A recently released report by the International Civil Liberties Monitoring Group said the Review and Analysis Division of the Canada Revenue Agency’s charities directorate works with national security agencies to carry out the audits, with little accountability.
It said that from 2008 to 2015, 75 per cent of the organizations whose charitable status was revoked following division audits were Muslim charities, and that at least another four have had their status pulled since then.
It added that despite these revocations, not a single Muslim charitable organization or individual associated with one had been charged with a terrorist financing crime.
In response to the report, the Canada Revenue Agency said it does not select registered charities for audit based on any particular faith or denomination, adding it is firmly dedicated to diversity, inclusion and anti-racism.
Still, the 129 signatories of the letter to Trudeau, including the National Council of Canadian Muslims, the Edmonton Islamic Centre, the London Muslim Mosque, the Ottawa-based ICLMG and other civil society organizations, want the Liberal government to implement the monitoring group report's recommendations.

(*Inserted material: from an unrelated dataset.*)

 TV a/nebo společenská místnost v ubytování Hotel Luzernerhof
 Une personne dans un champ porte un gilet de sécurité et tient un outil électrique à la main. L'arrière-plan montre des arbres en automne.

The report urged the government to refer the issue to Canada's security watchdog, the National Security and Intelligence Review Agency, for an examination of the Review and Analysis Division's processes to ensure organizations are not being targeted due to racial or religious prejudice.
It also said Revenue Minister Diane Lebouthillier should declare an immediate moratorium on the targeted audit of Muslim charities until the review is complete.
Muslim charities offer important religious services in mosques, education through schools, and social services and youth programs at centres, says the letter to Trudeau, Lebouthillier, Finance Minister Chrystia Freeland and Public Safety Minister Bill Blair.
"They offer relief to the most vulnerable in Canada and abroad. They are developing a healthy and strong Canadian Muslim identity that contributes to our strength through diversity every single day," the letter says.
"Targeting Muslim charities on the basis of terrorist financing suspicions simply because of the religion they uphold is Islamophobic and prejudiced."
Dismantling such prejudice is the first step in fighting hate, adds the letter, which notes Trudeau has promised an emergency national summit on Islamophobia in coming weeks.
"It is also important for our community to see effective action against systemic and structural Islamophobia. We call on you to put an end to the Islamophobic practices within the CRA and to ensure oversight and accountability."
The Prime Minister's Office referred questions to the revenue minister.
A spokesman for Lebouthillier said the federal revenue agency is at arm's length from the offices of the revenue minister and the prime minister and, as such, these offices do not "instruct the CRA to begin audits, nor do they intervene in audits underway."
NDP Leader Jagmeet Singh said federal resources must be directed against the extreme right-wing groups that pose a real threat to security, including the safety of Muslims.
"The Muslim community is feeling that injustice, and that unfairness, about being targeted on one hand, but then nothing being done to protect them on the other," Singh said Wednesday.
"And so this is a real pain that leaders in the Muslim community are feeling. And it should be a moment for us to say: that can't continue, that is wrong."